By Leonard Quart
When my mother died in 2001, I began to search for pieces of the family past that I had long left untouched. Her death propelled me to rediscover my grandfather, Rabbi Israel Quart, who died when I was only three-years-old. I faintly remember my father once taking me to watch him presiding over Sabbath service in an impoverished, claustrophobic South Bronx synagogue, whose congregation consisted of a group of immigrant garment workers, furriers, and shopkeepers.
Another time he brought me to visit my grandfather when he was lying in bed very ill with lung cancer — a white bearded, ruddy-looking man wearing a black skullcap, chain- smoking cigarettes, drinking tea with jam, barely able to speak.
And then there were the copies of the two books he had written, and published by a well known Hebrew and religious book company, lying untouched behind glass in my parents’ ancient maple breakfront. I vaguely knew what the books dealt with and my father said little about their contents.
These few fragmentary memories are all I have of my grandfather, though I’ve always desired to know more. I especially wanted to learn what lay inside those mysterious books, since his writing them echoed my own literary ambitions. My yearning was further whetted by my mother often alluding to how similar I was to my “impractical” writer grandfather.
The two books that he published turned out to be the product of a lifetime’s work. He began writing them in Russia, and completed them in New York. The more traditional of the two books was constructed around a series of queries and answers about daily life, more applicable to Russian village life than New York City (e.g., if a cow dies, can the meat be eaten?)
The other and more original of the two books consisted of three hundred and forty-five of pages of aphorisms, thirty-two on a page, written in rhyme, and often playing with Cabalistic (medieval and mystical) notions of numerology. The aphorisms contained truisms like “there is no medicine for pride, for the cause rests deep inside.” But there were also sayings written with a skeptic’s tough-mindedness (despite his being a religious man), that question the capacity to make righteous judgments if a man “follows the letter of the law.” My grandfather was not a professional writer, but his hunger to write was evident on every page of his book. He had talent, and though it wasn’t fully honed, he had the seriousness of purpose of a genuine writer.

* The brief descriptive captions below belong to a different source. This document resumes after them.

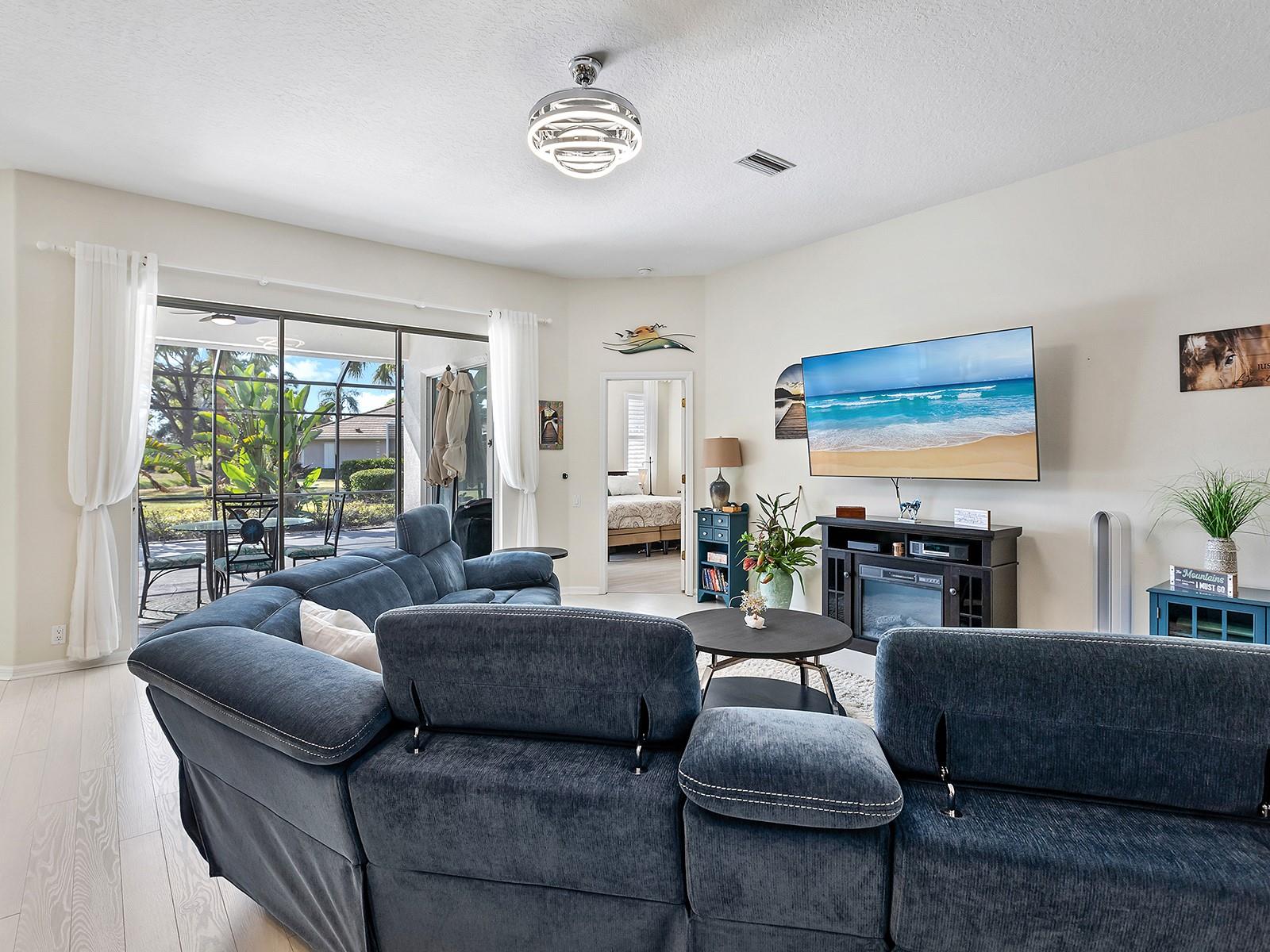 2319 FALCON TRACE LN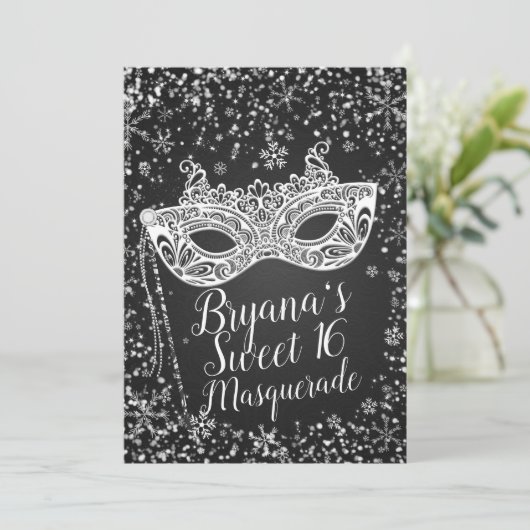 Black White Winter Wonderland Masquerade Sweet 16 Kaart (Staand voorkant)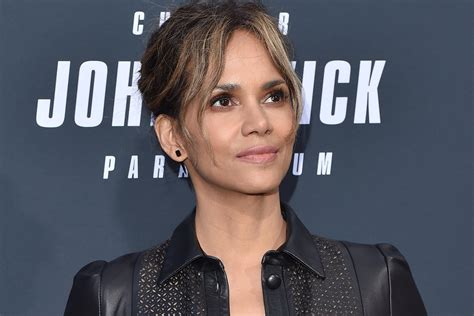Halle Berry Had Her First Orgasm At Age 11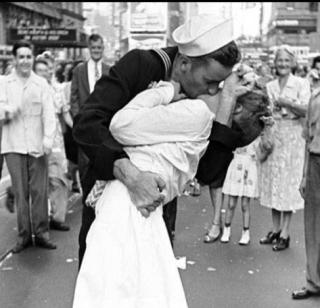 The second day of 'World War II' | दुसऱ्या महायुद्धानंतरचा 'किस'आनंद काळाच्या पडदयाआड The second day of 'World War II' | दुसऱ्या महायुद्धानंतरचा 'किस'आनंद काळाच्या पडदयाआड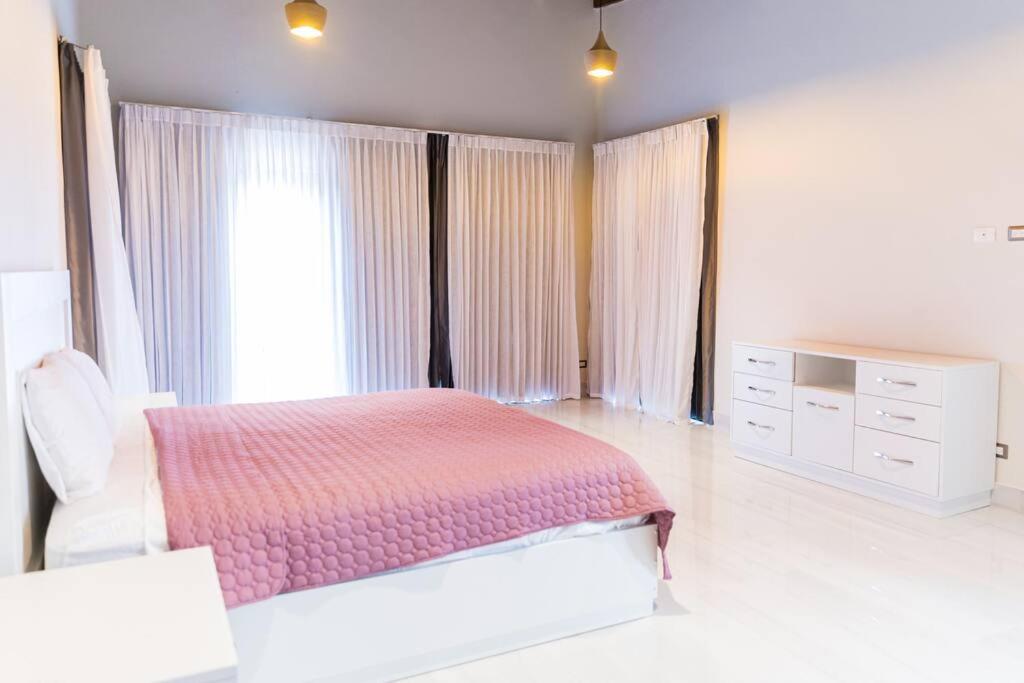 Luxury Mountain villa, Jarabacoa villa vargas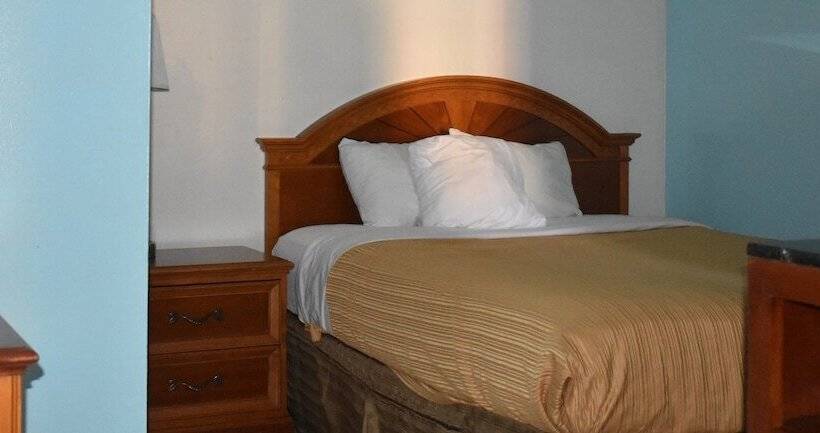 Отель Guest Cottages & Suites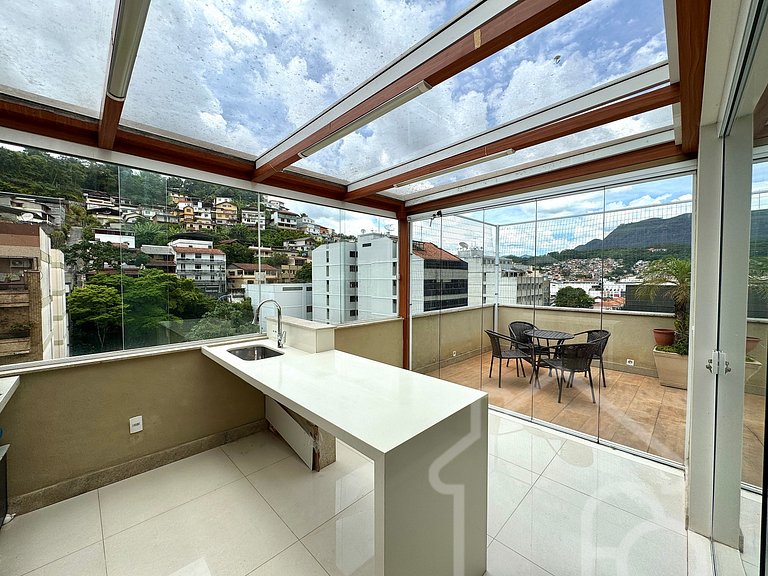 Cobertura com Área Gourmet na Alberto Braune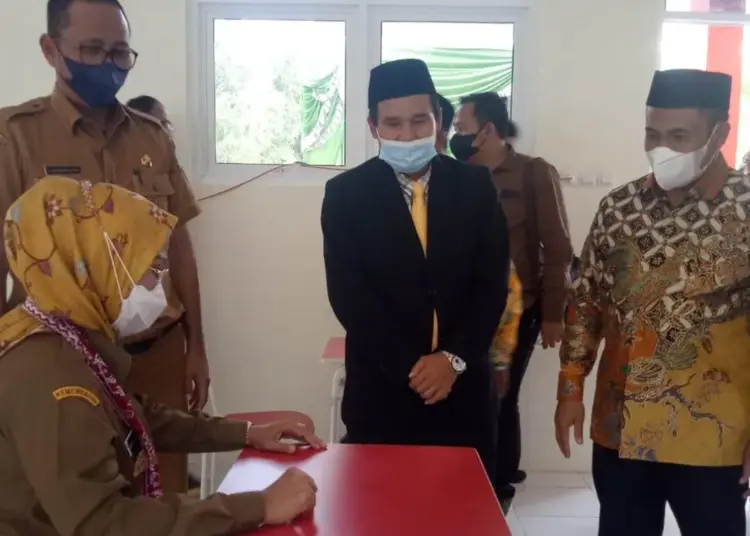 Bupati Serang Ratu Tatu Chasanah, mengecek kondisi ruangan dan meja belajar sekolah swasta yang diresmikannya, Selasa (28/12). (ISTIMEWA)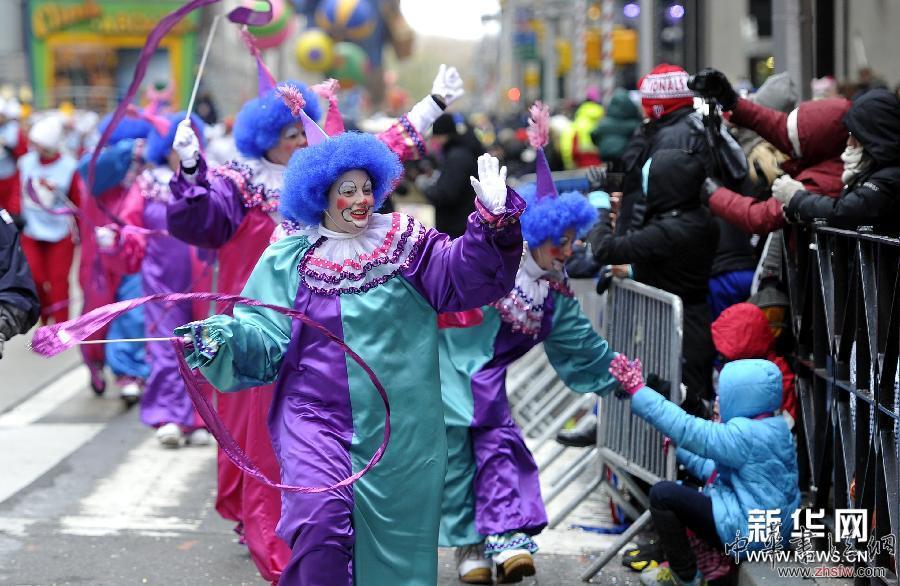 （國(guó)際）（2）紐約舉行第88屆感恩節(jié)大游行
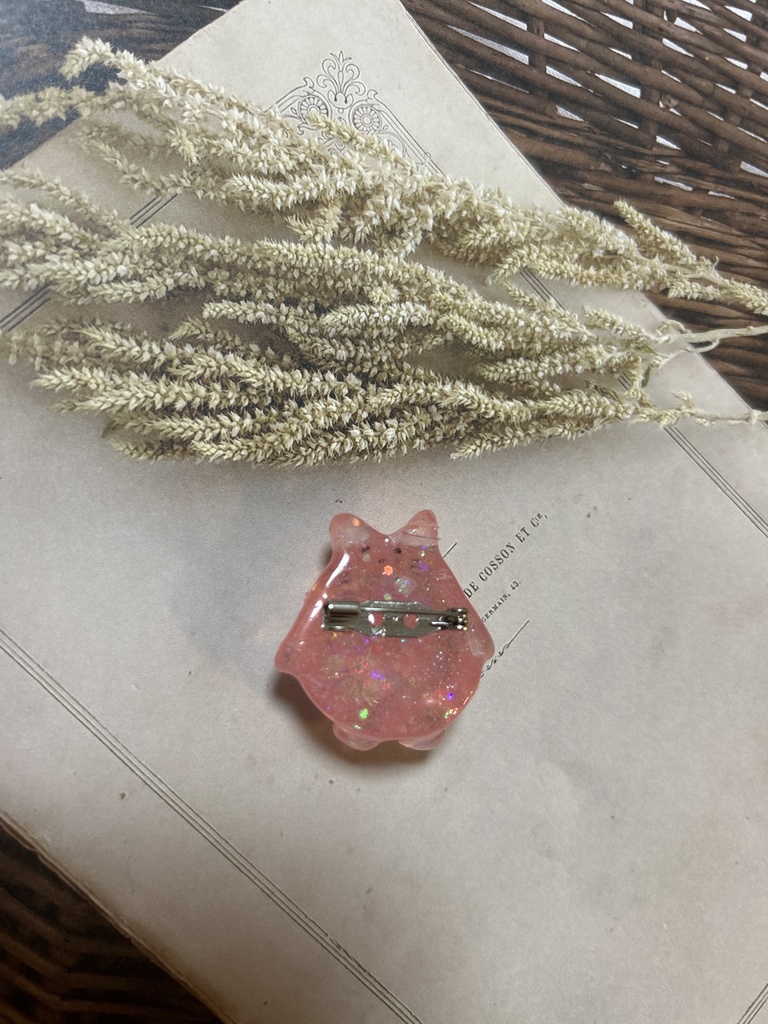 グリまるブローチホロ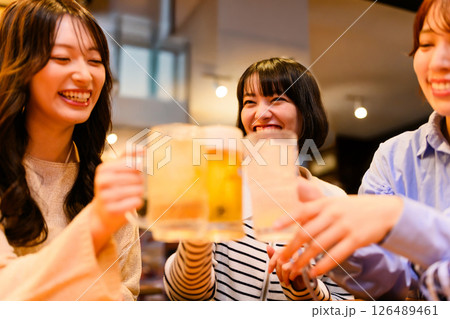 居酒屋で乾杯をする20代の女性 居酒屋で乾杯をする20代の女性 126489461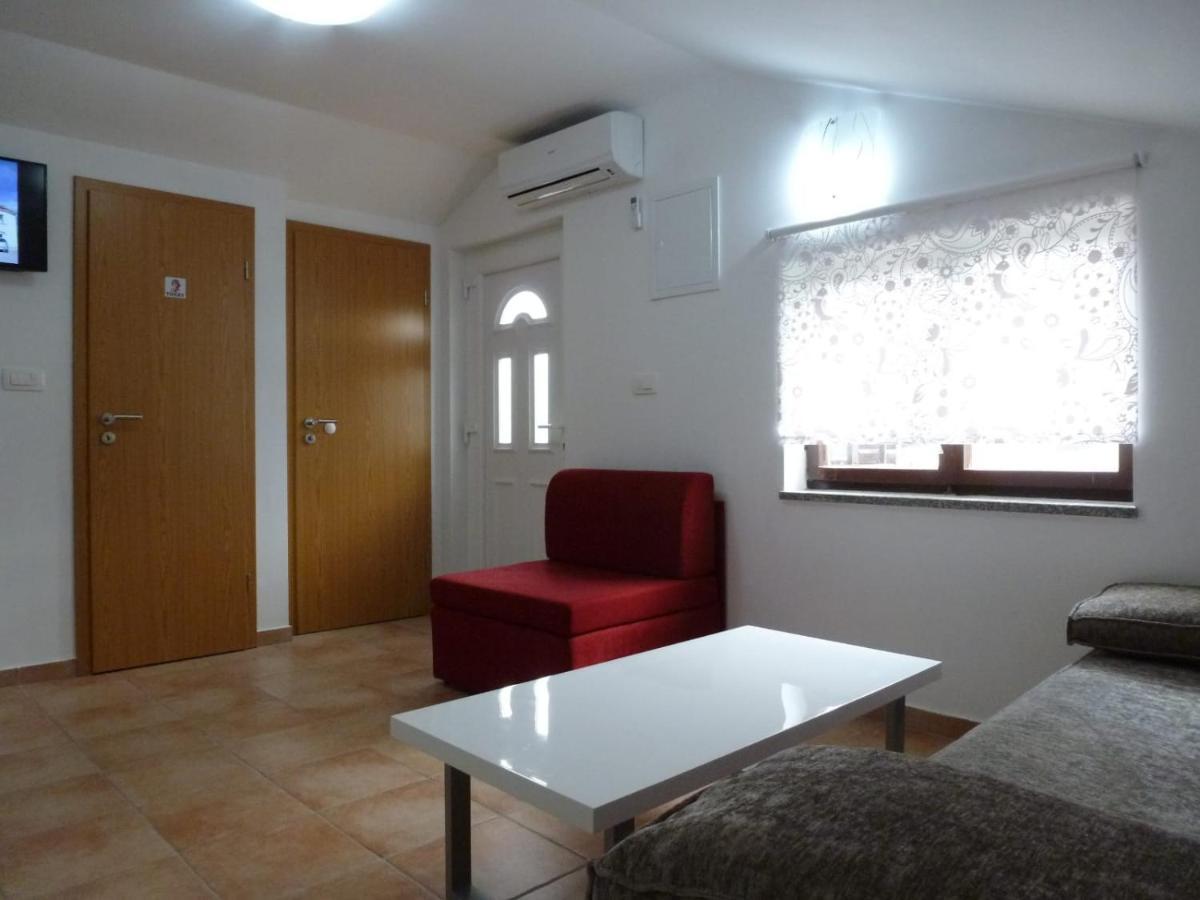 Apartmani Veronika נין מראה חיצוני תמונה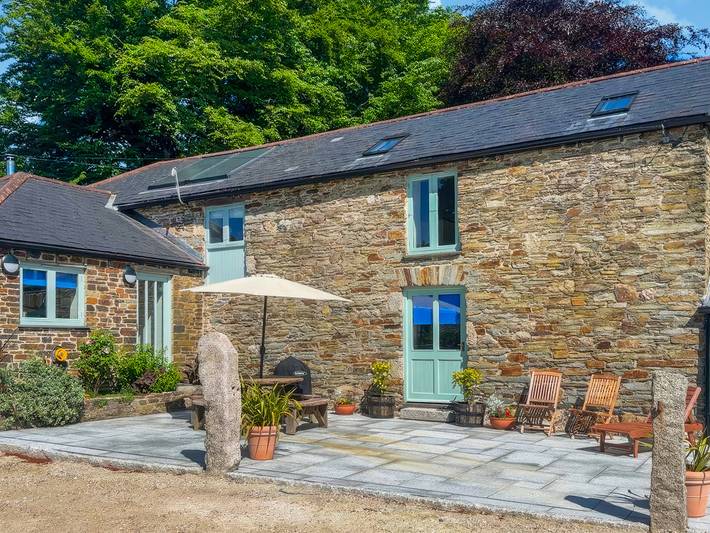 Glamping for 8 people, with garden in Cornwall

My parents may have read Chekhov as adolescents in Russia, but they had little inclination or time to talk about books. So to discover that I had somebody so close whose yearnings to write were similar to mine, deeply affected me. Despite our vast cultural and intellectual differences, my grandfather and I both harbored the same love of words and images, and the desire to make sense of the way we live. I may not have shared his religious belief and moral certitude, but I continue struggling on to define my own more ambiguous personal and social vision.
In the period that followed my mother’s death I continually conjured up her lined, aged face, smiling through her broken front teeth (the result of being three times on a ventilator). One night I dreamt about her, but I woke up with a start and couldn’t recoup the dream’s shape or imagery. After that, I knew I had to let go. The rediscovery of my grandfather’s writing provided some consolation—the feeling that with my mother’s death the link to the past has not been totally lost. The writings were hardly a substitute for a mother I had profound, if complicated, feelings for, but for some ineffable reason, they released me to take greater emotional risks in my own prose, and to follow my own feelings wherever they may lead.